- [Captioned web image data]
● ● ● ● ● ● ●

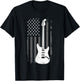 Guitar American US Flag Music Player Electric Guitarist Gift T-Shirt - T-Shirt | Black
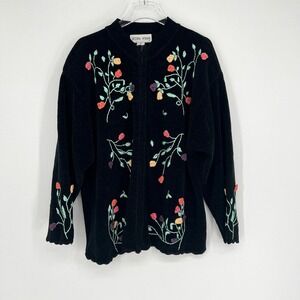 Vtg Victoria Woman Jacket Women 2X Floral Embroidered Chenille‎ Cottage Black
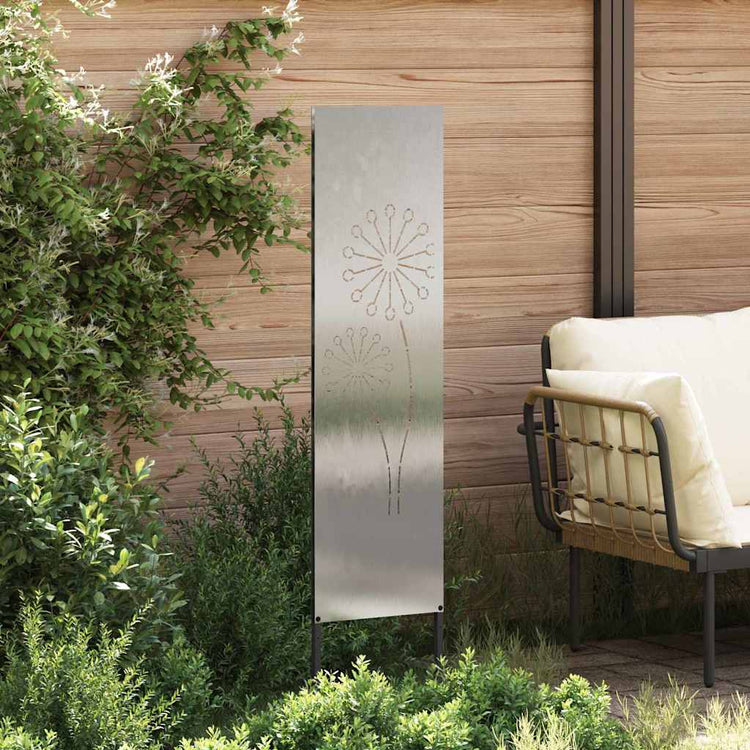 VidaXL Garten-Sichtschutz Laubsägewerk Silber 32 x 140 cm Edelstahl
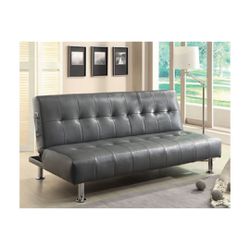 Gray Leatherette Futon Sofa 
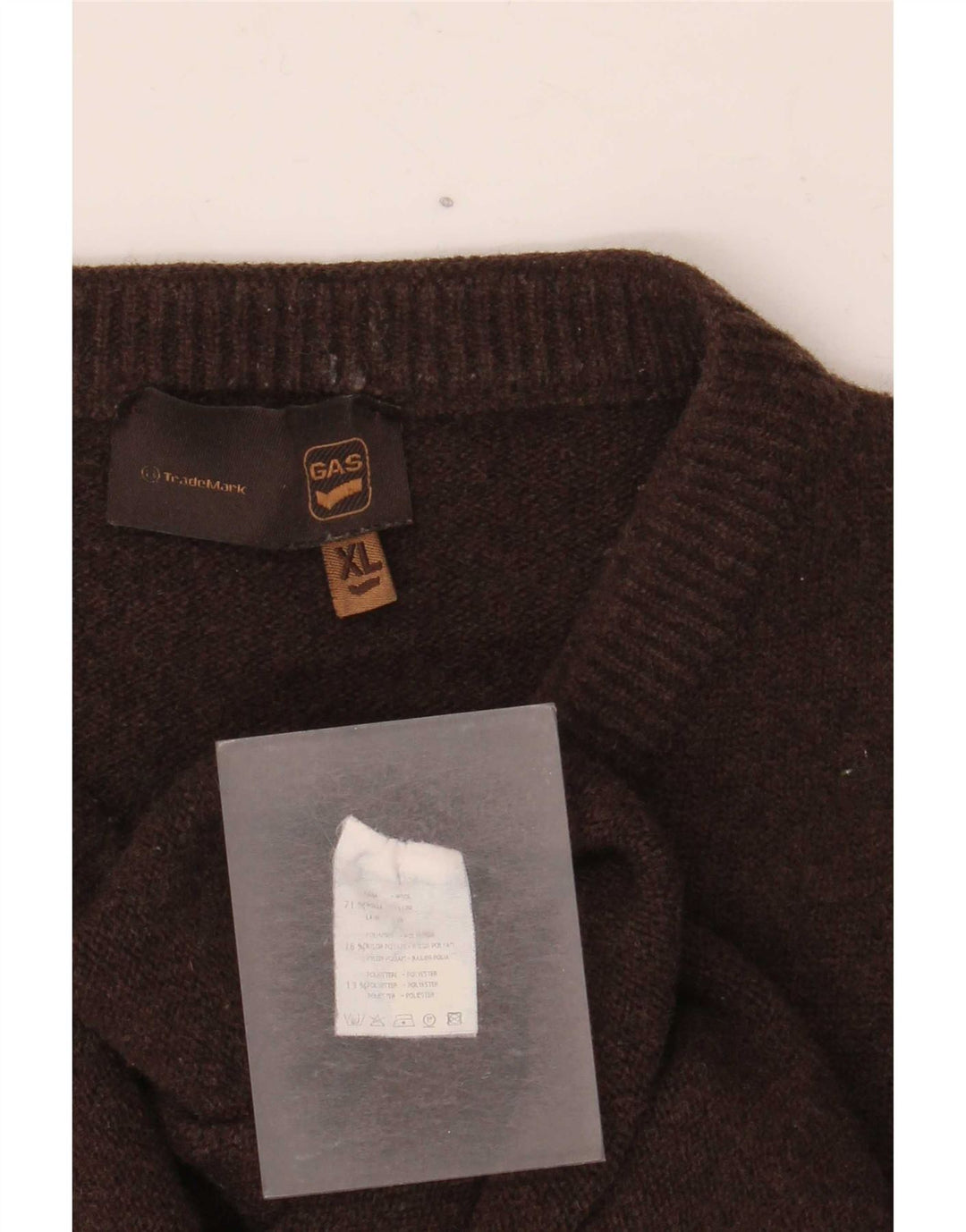 Gas Hombre Jersey Con Cuello En V Jersey XL Lana Marrón
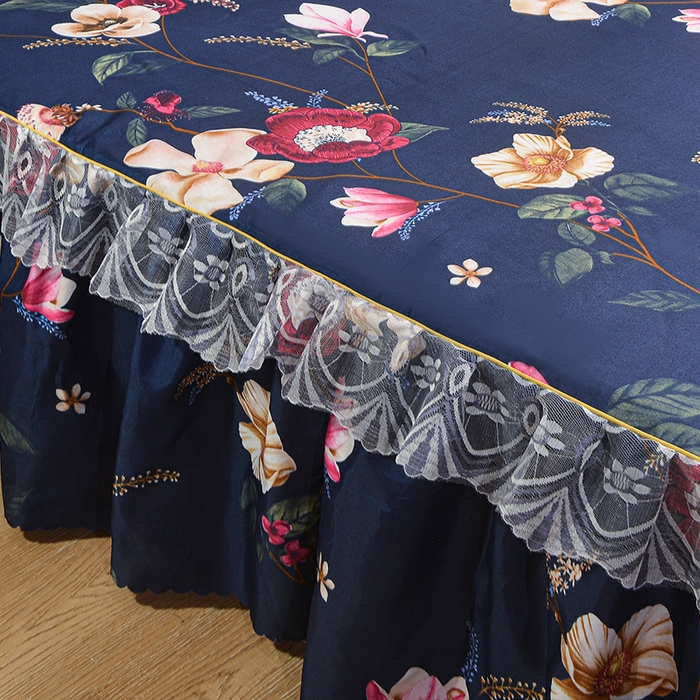 91家纺网 家纺一手货源 找家纺 小雨家纺 2026新款亲肤芦荟棉外贸蕾丝花边床裙 繁花似锦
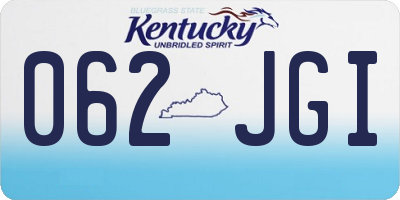 KY license plate 062JGI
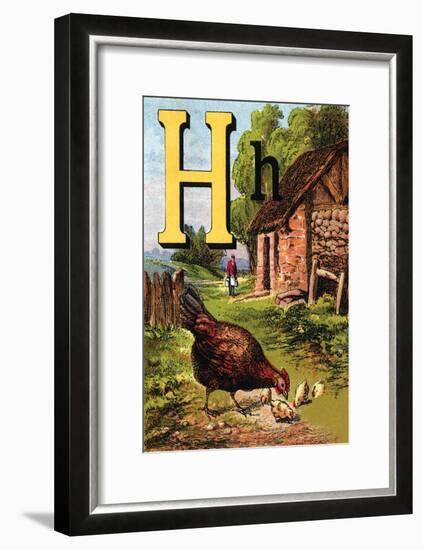 H For the Hen, of Her Chicks So Fond-Edmund Evans-Framed Art Print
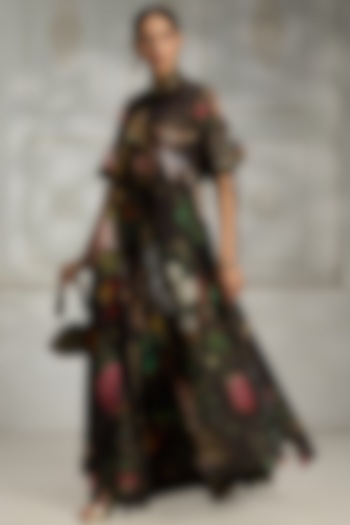 Black Polyester Botanical Printed Skirt Set by Rivaar by rocky star at Pernia's Pop Up Shop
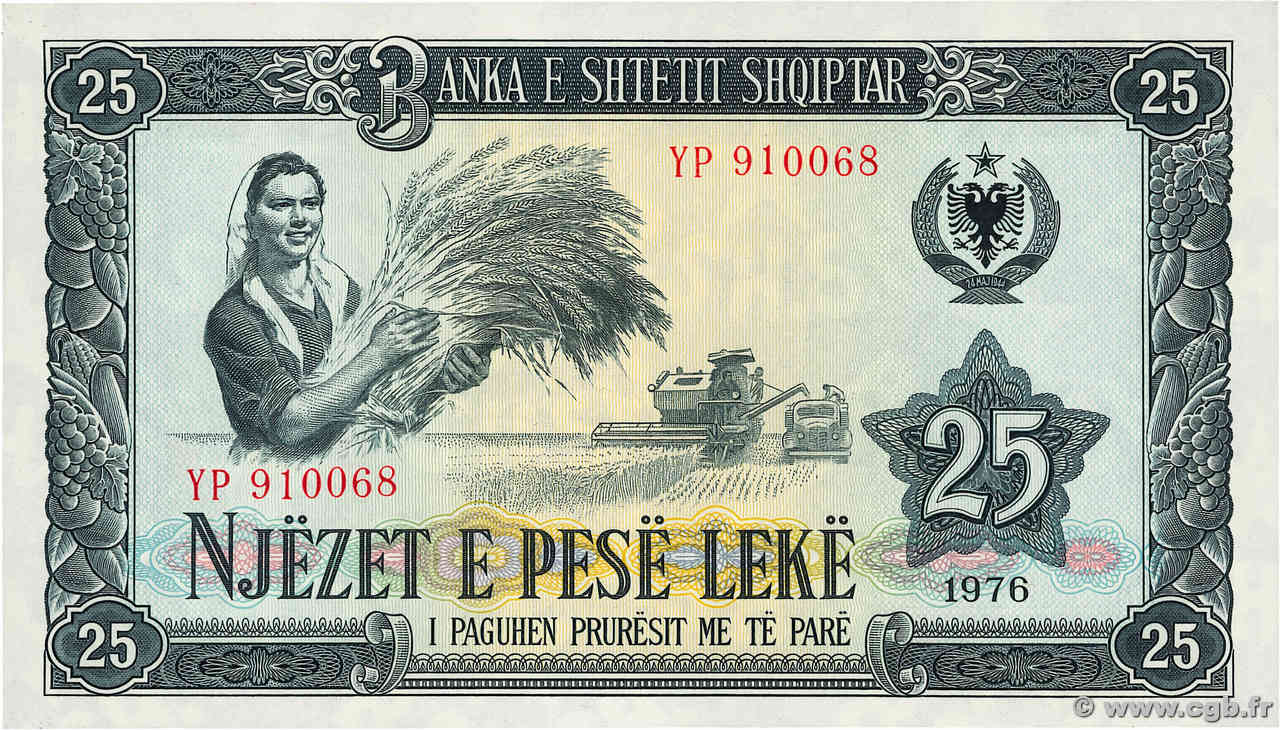 25 Leke ALBANIE  1976 P.44a NEUF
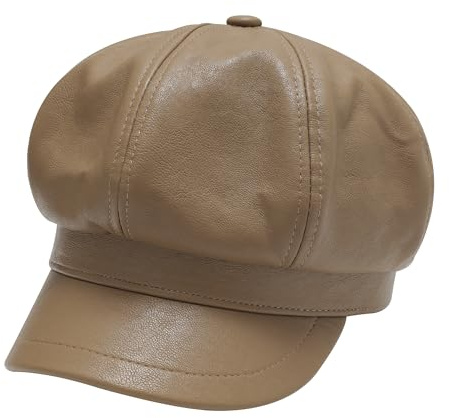 ZLYC Unisex PU-läder ballongmössa toppmössa retro klassisk åttakantig mössa vinter baskermössor, kaki, En Storlek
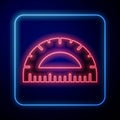 Glowing neon Protractor grid for measuring degrees icon isolated on blue background. Tilt angle meter. Measuring tool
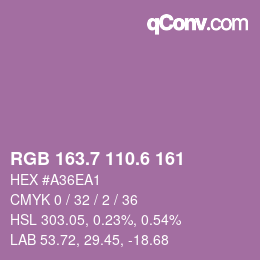 カラーコード: RGB 163.7 110.6 161 | qconv.com
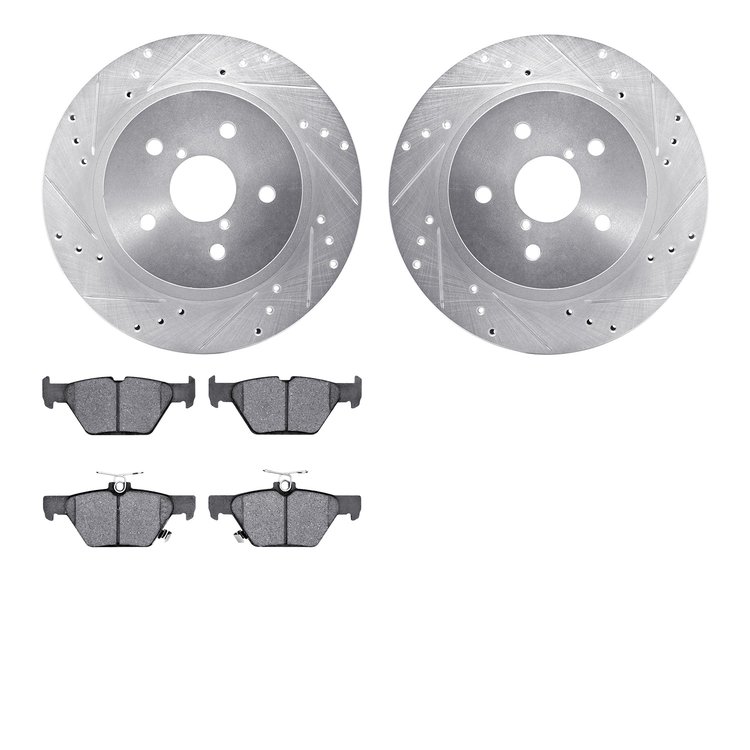 7302-13052 Drilled/Slotted Brake Rotor with 3000-Series Ceramic Brake Pads Kit [Silver], Fits Select Subaru, Position: Rear
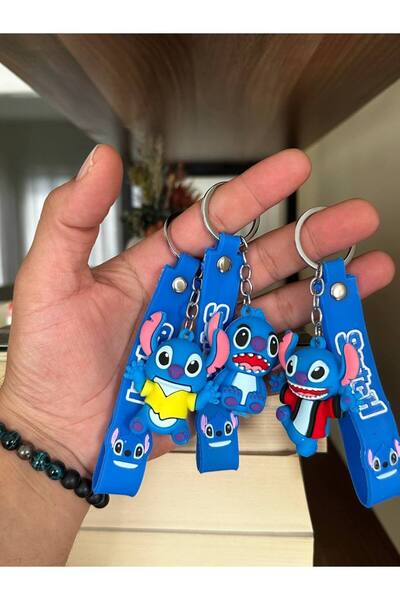 Genel Markalar Stitch Lilo Anahtarlık Ve Çanta Süsü 3D (Silikon) Çanta Süsü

● ● ● ● ● ● ●

- [Work instruction]
Reproduce each entry above word for word. Pictures are not part of the copy.

- [Result for this exercise]
 Guitar American US Flag Music Player Electric Guitarist Gift T-Shirt - T-Shirt | Black
 Vtg Victoria Woman Jacket Women 2X Floral Embroidered Chenille‎ Cottage Black
 VidaXL Garten-Sichtschutz Laubsägewerk Silber 32 x 140 cm Edelstahl
 Gray Leatherette Futon Sofa 
 Gas Hombre Jersey Con Cuello En V Jersey XL Lana Marrón
 91家纺网 家纺一手货源 找家纺 小雨家纺 2026新款亲肤芦荟棉外贸蕾丝花边床裙 繁花似锦
 KY license plate 062JGI
 H For the Hen, of Her Chicks So Fond-Edmund Evans-Framed Art Print
 Black Polyester Botanical Printed Skirt Set by Rivaar by rocky star at Pernia's Pop Up Shop
 25 Leke ALBANIE  1976 P.44a NEUF
 ZLYC Unisex PU-läder ballongmössa toppmössa retro klassisk åttakantig mössa vinter baskermössor, kaki, En Storlek
 Glowing neon Protractor grid for measuring degrees icon isolated on blue background. Tilt angle meter. Measuring tool
 カラーコード: RGB 163.7 110.6 161 | qconv.com
 7302-13052 Drilled/Slotted Brake Rotor with 3000-Series Ceramic Brake Pads Kit [Silver], Fits Select Subaru, Position: Rear
 Genel Markalar Stitch Lilo Anahtarlık Ve Çanta Süsü 3D (Silikon) Çanta Süsü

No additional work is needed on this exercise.